Family as I move into my thirties has taken on choice of people I want in my life. No longer am I a believer that I need to be well liked, nor that I have to be friends with everyone in the room. No longer to I have to slap on the happy face and do things out of obligation. I can just be.

But then, back to the family around the dinner table. I miss them, I miss the Christmas mornings at gramma's house, eating olives off my fingers (only the black ones, because in my younger days, the green ones were yucky), sitting downstairs opening presents, playing trivial pursuit, laughing and talking, and being together. I miss Church on Sunday mornings with my whole family, and then off to Hoff's Hut for french toast and cocoa. I miss playing marco polo for hours in the pool with my cousins. I miss making up games, pre-survivor survivor, and using what was left in the garage to make up worlds. I miss all that-- the fun, the games, the innocence, the joy. Before I knew who did what to who, before divorces and re-habs, before jail time, before totalled cars, totalled houses, new babies, before we all grew up and left home.

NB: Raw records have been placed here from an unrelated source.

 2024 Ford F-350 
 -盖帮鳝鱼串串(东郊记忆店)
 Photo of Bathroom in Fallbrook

I want those blue skied days of wonder and never ending explorations of what we can create with just our imaginations. And playing together because we love each other, and because we are family. Falling asleep in the sun, watching tv-- four across-- in my parents waterbed. I want to play crazy 8's in my dry-ish bathing suit at the dinner table, I want to eat popcorn with five hands going in and out of the bowl. I want my family back the way it was, when we all lived a couple miles from one another, and I am missed at the dinner table.

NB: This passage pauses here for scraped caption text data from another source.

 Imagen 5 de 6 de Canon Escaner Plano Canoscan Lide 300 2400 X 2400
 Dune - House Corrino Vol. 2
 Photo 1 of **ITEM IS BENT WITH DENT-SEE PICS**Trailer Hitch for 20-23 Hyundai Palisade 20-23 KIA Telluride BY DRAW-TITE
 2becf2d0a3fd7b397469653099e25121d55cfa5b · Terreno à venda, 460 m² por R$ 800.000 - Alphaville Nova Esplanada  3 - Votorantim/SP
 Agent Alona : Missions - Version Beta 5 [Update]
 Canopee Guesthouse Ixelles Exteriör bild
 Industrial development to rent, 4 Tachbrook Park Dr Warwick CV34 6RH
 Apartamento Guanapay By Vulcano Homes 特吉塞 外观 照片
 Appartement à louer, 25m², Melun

I know I am missed at the dinner table. I just had to call to remind them I am not there.

Friday, November 04, 2005

I have to remember how I feel right now.

I never think of myself as huge, and then, I see a picture of me. Taken just moments before, and go, who's that? That is me, this large thing I have become.

Does it make me ugly-- no. Does it make me uncomfortable? Yes. Because regardless of my size, I will always be a big girl, a girl with big dreams, big ideas, big laughs, big cries. Big is just an adjective to describe everything I am, larger than life, whole, grounded, huge, powerful, monstrous, giant, glamorous, glamazon, Amazon, strong, bold, audacious, bodacious.....

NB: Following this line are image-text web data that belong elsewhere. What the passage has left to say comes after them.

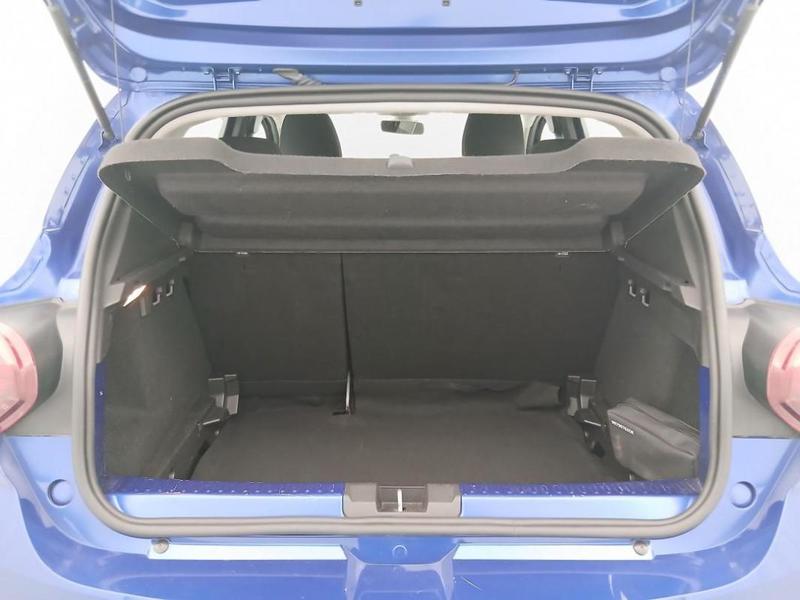 Dacia Sandero Eco-G 100 Stepway Expression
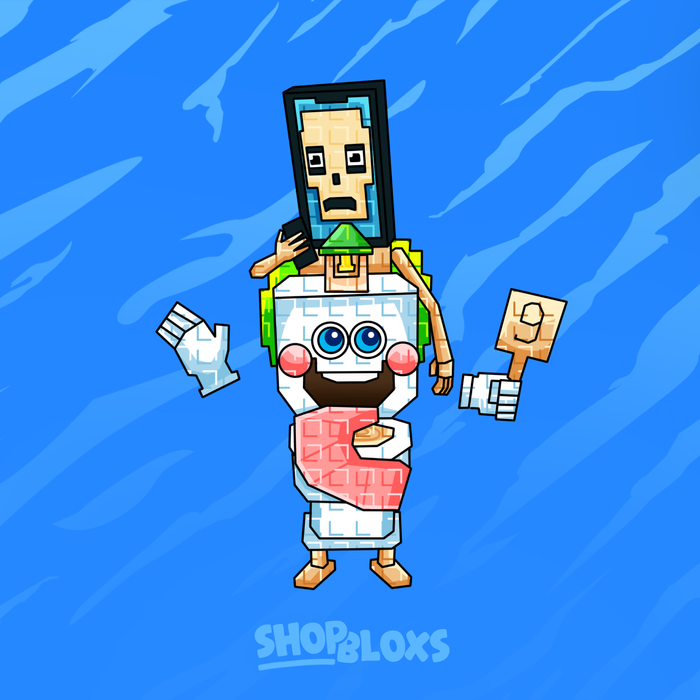 La Secret Combinasion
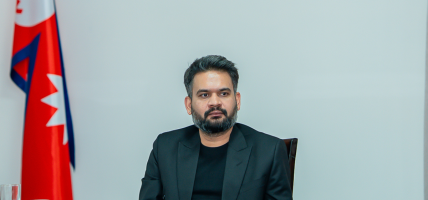 राष्ट्रसंघमा बालेनले गर्नेछन् १४ मिनेट सम्बोधन राष्ट्रसंघमा बालेनले गर्नेछन् १४ मिनेट सम्बोधन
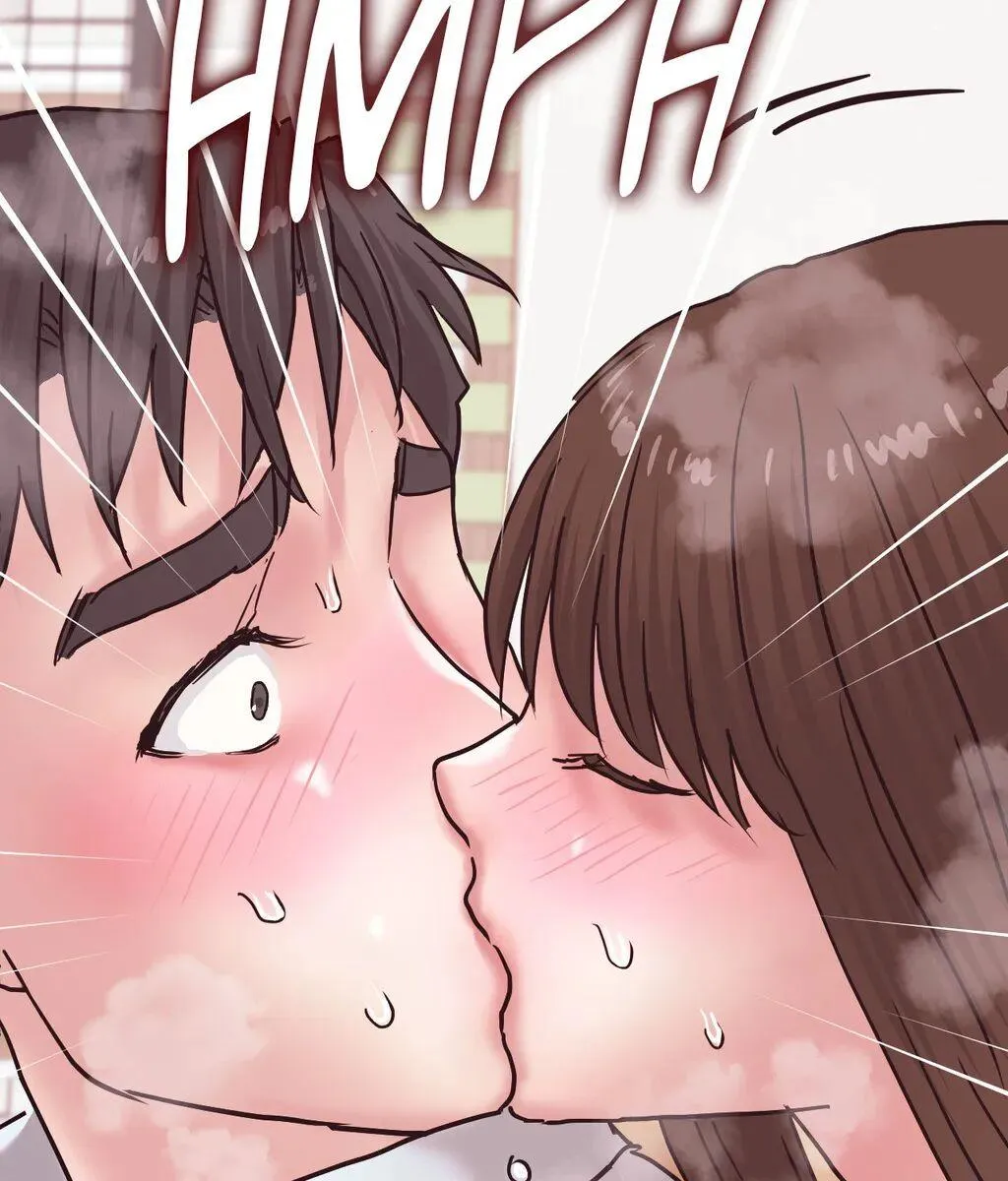 Comes With Benefits Chapter 15 page 31 -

We went to lunch for the mouse's birthday, and she said something snappish to me. I really don't care if she doesn't like me, but she is my boss. Maybe she should stop competing with me, and just manage me, and we could get along great. Ever think of that, squeak squeak?

But this isn't about her, in fact she is a waste of space on here. No offense, squeak squeak, but this is about big girls.

So there I am larger than life in a picture with my boss and her boss and the other girls I work with, and I am huge. Huge huge huge. And I can feel it because I haven't worked out in a week or two, and I have been sleeping so much, and I just feel blah. And then proceeded to belong to the clean plate club, and then buy a pair of cockroach killers at the NJ strip mall we were at. And wonder when we are having cake for her birthday. I have no shame.

And I realize that I want to be healthy. I want to look in the mirror and like what I see, or be on the way to liking it. And I am tired of just being tired. Bit by bit it drags me down. Small deaths. A la petite morte-- which is little deaths and orgasms in French. Hmm, more on sex later.

I want an old fashioned merry go round-- the one from the seventies that was metal and rusty and if you stayed in the middle and looked up, your stomach turned flip flops, but your eyes could focus on the one spot in the sky while the world around you spun out of control.

So, to the gym. Walk, breathe the air (without the filter of smoke). Play again. Play play play. Spin out of control as the whole world stays in one place.